Label tanpa urutan: jenis kelamin, program studi, jenis kemasan. Rata-ratanya tak punya arti, jadi yang dibaca frekuensi dan persentase, dan ujinya bertumpu pada tabel silang.

Ordinal

Berurutan tanpa jarak yang setara: peringkat kepuasan, tingkat pendidikan, jenjang jabatan. Selisih peringkat satu dan dua belum tentu sama dengan selisih dua dan tiga.

Interval

Jarak antar-angka setara sementara titik nolnya kesepakatan. Suhu Celsius dan banyak skor komposit masuk di sini, dan perhitungan rata-rata sudah sah dilakukan.

Rasio

Punya nol mutlak, sehingga perbandingan berlaku penuh: usia, lama kerja, pendapatan, jumlah kunjungan. Pilihan ujinya pun lebih lapang daripada tiga skala sebelumnya.

Menyiapkan berkas data sebelum sesi les SPSS berjalan

Bagian yang menyita waktu di pengolahan data hampir tak pernah ujinya. Uji regresi berjalan dalam hitungan detik. Yang panjang adalah pekerjaan sebelum itu: menyusun berkas supaya satu baris berisi satu responden, memberi nama variabel yang tetap terbaca tiga bulan kemudian, dan menuliskan label nilai supaya angka 1 dan 2 punya keterangan di keluaran.

Di sesi ini tutor menemani Anda menandai data yang hilang dengan kode seragam, memisahkan responden yang berhenti di tengah kuesioner, dan menelusuri entri yang mustahil seperti usia 4 tahun pada survei karyawan atau skor 6 pada skala berjangkauan satu sampai lima. Kesalahan semacam itu jarang terlihat di tabel mentah; ia baru muncul saat frekuensi dijalankan per variabel.

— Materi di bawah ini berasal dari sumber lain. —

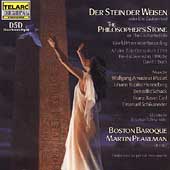 Der Stein der Weisen(The Philosopher's Stone) -Mozart, Henneberg, Schack, Gerl & Schikaneder:Martin Pearlman(cond)/Boston Baroque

Peserta di Wonokromo yang datanya dikumpulkan lewat borang daring biasanya membawa berkas berisi kolom stempel waktu, jawaban kosong, dan jawaban ganda sekaligus. Merapikannya sekali di awal menghemat berjam-jam kemudian, sebab tiap uji yang dijalankan di atas data yang belum bersih harus diulang seluruhnya begitu satu kesalahan ketik ditemukan.

Statistik deskriptif yang dibaca tutor bersama Anda di sesi awal

Statistik deskriptif sering diperlakukan sebagai formalitas pembuka bab empat. Di sesi les SPSS, ia dipakai sebagai alat pemeriksa. Rata-rata yang jauh dari median menandakan sebaran yang miring. Simpangan baku yang hampir sebesar rata-ratanya menandakan jawaban responden berpencar. Nilai ujung bawah atau ujung atas yang janggal menandakan ada entri keliru yang lolos dari pembersihan.

Tutor menemani Anda membaca tabel frekuensi per variabel, menampilkan histogram dan diagram kotak, lalu menandai kasus yang berdiri jauh dari kelompoknya. Kasus semacam itu tidak langsung dihapus. Kami memeriksanya dulu: apakah ia kesalahan pencatatan, atau responden yang memang berbeda dan justru menarik dibahas di bagian pembahasan.

Membaca sebaran lebih dulu juga menghemat langkah berikutnya. Bentuk sebaran memberi petunjuk awal apakah uji berbasis rata-rata akan bertahan, dan berapa besar kelompok yang tersedia untuk dibandingkan. Peserta yang melewatkan bagian ini biasanya baru sadar kelompoknya timpang setelah uji beda dijalankan dan hasilnya sulit dijelaskan.

Tiap uji menjawab satu bentuk pertanyaan. Menghafal namanya kurang menolong; yang menolong adalah mengenali pertanyaan apa yang sedang Anda ajukan pada data. Empat rumpun di bawah menutup sebagian besar kebutuhan penelitian kuantitatif di jenjang sarjana dan magister.

Ringkasnya

Empat rumpun uji yang dipelajari di kelas privat SPSS

Uji beda dua kelompok

Menjawab apakah rata-rata dua kelompok berbeda: kelas eksperimen dan kelas kontrol, keadaan sebelum dan sesudah pelatihan, responden laki-laki dan perempuan. Bentuk berpasangan dan tidak berpasangan diperlakukan berbeda.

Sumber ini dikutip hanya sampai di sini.